Gwent’s chief constable, Carmel Napier told by PCC, Ian Johnston to ‘retire or be removed’
GWENT PCC Ian Johnston this afternoon said he "very much regretted" that the contents of his memorandum had been leaked to the South Wales Argus.
He said: "I can absolutely assure the people of Gwent that neither myself, or my office, had any part in passing this confidential information to a third party. However, now the information is in the public domain, I want to be honest with people about my concerns.
“On 23rd May 2013, during our meeting, I raised my concerns about a number of issues. These were outlined in a memorandum. Subsequently Mrs Napier took the decision to retire, which I accepted. Had Mrs Napier not made the decision to retire, I intended to take the matter further, which may have resulted in her being asked to leave the force.
“I will be moving to appoint a new Chief Constable as soon as practicable to provide stability and leadership for the force. In the meantime I will work with the temporary Chief Constable Jeff Farrar, to provide a police service for Gwent which is excellent in every way.”
GWENT PCC Ian Johnston, said Carmel Napier had shown a “total lack of acceptance of the role and statutory responsibilities of the PCC”.
Speaking to the Argus the commissioner claimed the chief constable had given a “verbal order that no one was to have any contact with the police and crime commissioner.”
He said this happened “within the first week of me arriving”.
“I challenged her on it.” he said. “She said they must have misunderstood what I said.”
“I had people approaching me saying I can't speak to you”.
“They didn't misunderstand [that] they were threatened with disciplinary action.”
GWENT’s chief constable was told to retire or be removed from her job, the Argus can reveal.
In documents seen by the Argus, Gwent Police and Crime Commissioner Ian Johnston told Carmel Napier he had “grave concerns” about her "performance and behaviour as Chief Constable”.
In a meeting between the two on May 23, Mr Johnston told Mrs Napier he wanted her to retire within a month.
According to notes of the meeting, Mr Johnston told Mrs Napier he was giving her “the opportunity to retire of your own volition”. If she did not agree to do so by 9.30am on June 3, Mrs Napier was told by Mr Johnston: “I will start the process of removing you”.
According to the notes of the meeting, which are signed by Mr Johnston and his chief executive Shelley Bosson, Mr Johnston told Mrs Napier that his concerns fell under four headings.
He told the Chief Constable: “In my judgement you have lost the confidence of the public of Gwent and of your officers and staff.
“I find your managerial style to be unacceptably dismissive, abrupt and unhelpful.
“You have failed appropriately to manage external and internal relations.

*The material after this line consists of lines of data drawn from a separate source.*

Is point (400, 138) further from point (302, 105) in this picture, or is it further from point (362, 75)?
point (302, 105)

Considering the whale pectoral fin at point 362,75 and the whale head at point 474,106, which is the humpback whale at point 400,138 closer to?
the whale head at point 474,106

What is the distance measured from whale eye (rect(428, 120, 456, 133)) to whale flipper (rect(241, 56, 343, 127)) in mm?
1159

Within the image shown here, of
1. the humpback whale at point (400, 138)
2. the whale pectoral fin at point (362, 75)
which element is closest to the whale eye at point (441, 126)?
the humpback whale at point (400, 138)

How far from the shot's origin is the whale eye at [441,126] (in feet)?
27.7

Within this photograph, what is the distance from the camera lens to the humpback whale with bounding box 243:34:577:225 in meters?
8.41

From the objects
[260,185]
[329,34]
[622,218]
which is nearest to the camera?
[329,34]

“You are deeply hostile to the very concept of the office of PCC.”
According to the documents we have seen, Mr Johnston told Mrs Napier: “My intention is not to humiliate or upset you but we need to be clear I do want you to retire in the next month.” He said he would “prefer us to agree a harmonious parting of the ways”.

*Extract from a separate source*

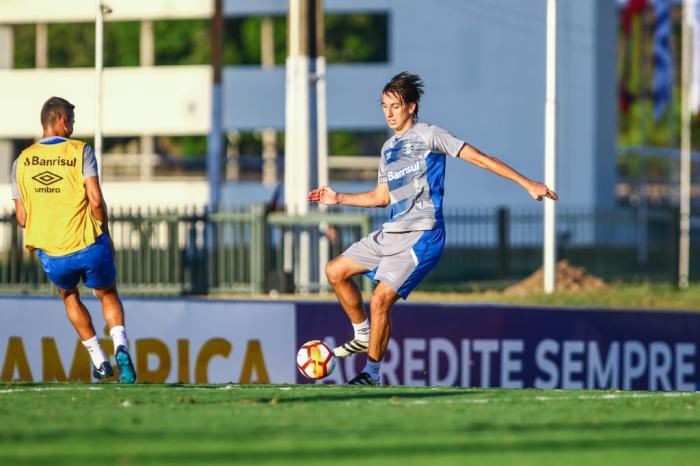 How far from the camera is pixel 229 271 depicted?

Mr Johnston told Mrs Napier at the meeting that “it would be much better if you accepted my wish as the democratically elected PCC”.

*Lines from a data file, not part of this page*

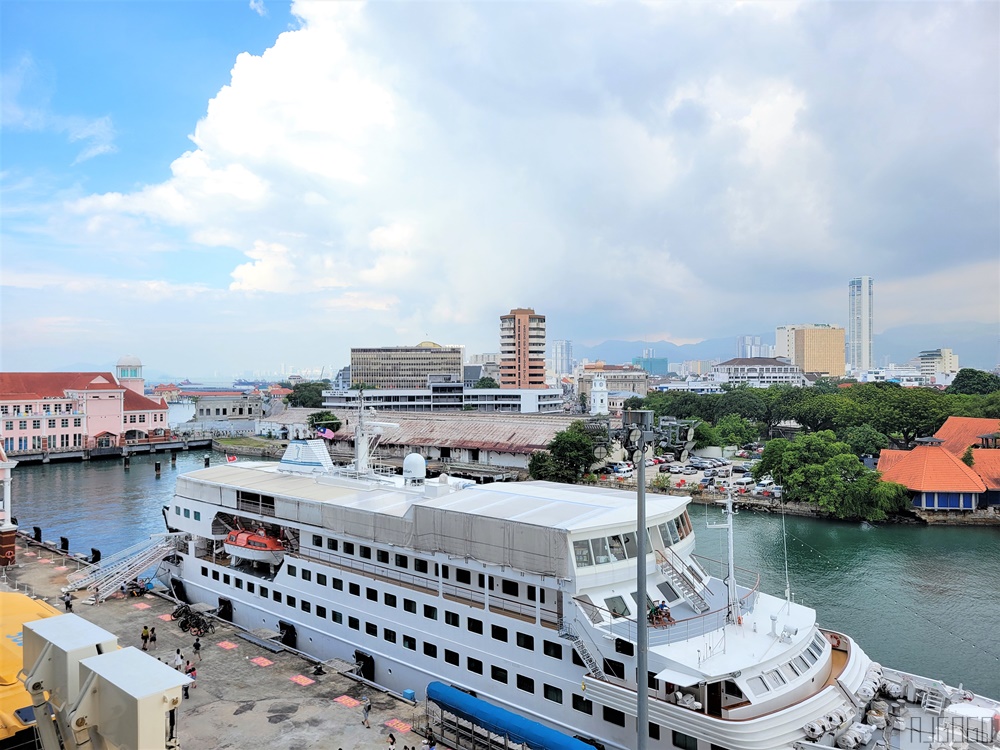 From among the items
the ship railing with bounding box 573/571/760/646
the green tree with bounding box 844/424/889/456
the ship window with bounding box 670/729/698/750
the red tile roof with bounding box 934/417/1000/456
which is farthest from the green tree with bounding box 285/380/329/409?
the ship window with bounding box 670/729/698/750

The Argus revealed exclusively last Wednesday that Mrs Napier was retiring with immediate effect. This was confirmed officially by Gwent Police last Friday.
There has been much speculation and comment from Gwent MPs, in particular, over the reasons for Mrs Napier’s decisions.
Mr Johnston and Mrs Napier engaged in a public war of words over crime figures last month after the PCC suggested in an interview with the Argus that some statistics were being incorrectly recorded.
Mrs Napier, in response, said such comments could damage morale among rank and file officers.
Responding to the Argus' request for a comment on the meeting, Mr Johnston, said: "Since my election I had a number of conversations and meetings with Mrs Napier regarding the future direction of the Force and her role in implementing this.
"On 23 May we had a conversation which was the final one of many during the last few months. Following this meeting Mrs Napier took the decision to retire, which I accepted.”
Mrs Napier declined to comment yesterday.